Pre- and Early Dynastic Egypt, in Vienna 10th to 15th of September 2017
“Predynastic finery in the funerary context in Adaïma”
In daily life, ornaments have for their primary function to be worn and seen. However, their uses in a funerary context are multiple. Using ornaments for funerals seems to have a wider purpose than simply embellishment. An exegesis of practices is needed to reveal the intentions behind the gestures. Discovering what is deposited and why is the key to understanding the functions of these funeral items. A multiscale analysis allows us to give meaning to the facts.
First, we need to define the typology of beads and ornaments used on the site. Then, we reconstruct the technical procedure used to manufacture beads. Finally, funerary archaeology allows us to reconstruct the gestures that led to the placing of the deceased and his belongings in the grave. Through use-wear analysis, it is possible to define whether the ornaments were household goods or if they were specifically made as funerary equipment.

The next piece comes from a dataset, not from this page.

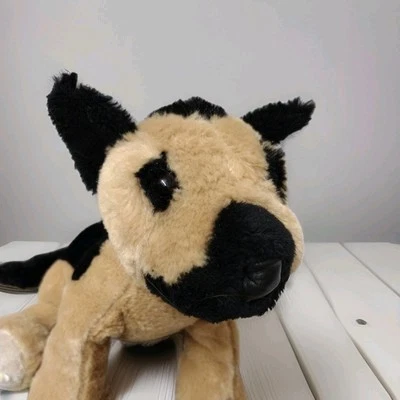 Ganz German Shepherd Dog Plush 8" Stuffed Animal Toy Webkinz No Code HM146 - Image 1 of 4
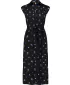 Kleid NORDBLANC NBSLD7803 SCHWARZES MUSTER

The study of this cycle of manufacture and use of predynastic ornaments from Adaïma provides an approach to different societal domains: technical, aesthetic and functional. Each of these three socially entangled domains reveals an absence of standardization in the making, composition and use of ornaments. A small community open to influences from the Nagadian centres and the neighbouring Nubian region certainly experienced phenomena of cultural recombination. The inhabitants re-appropriate outside references: they innovate. At Adaima, such innovation in ornamentation seems essentially to serve to individualise the deceased.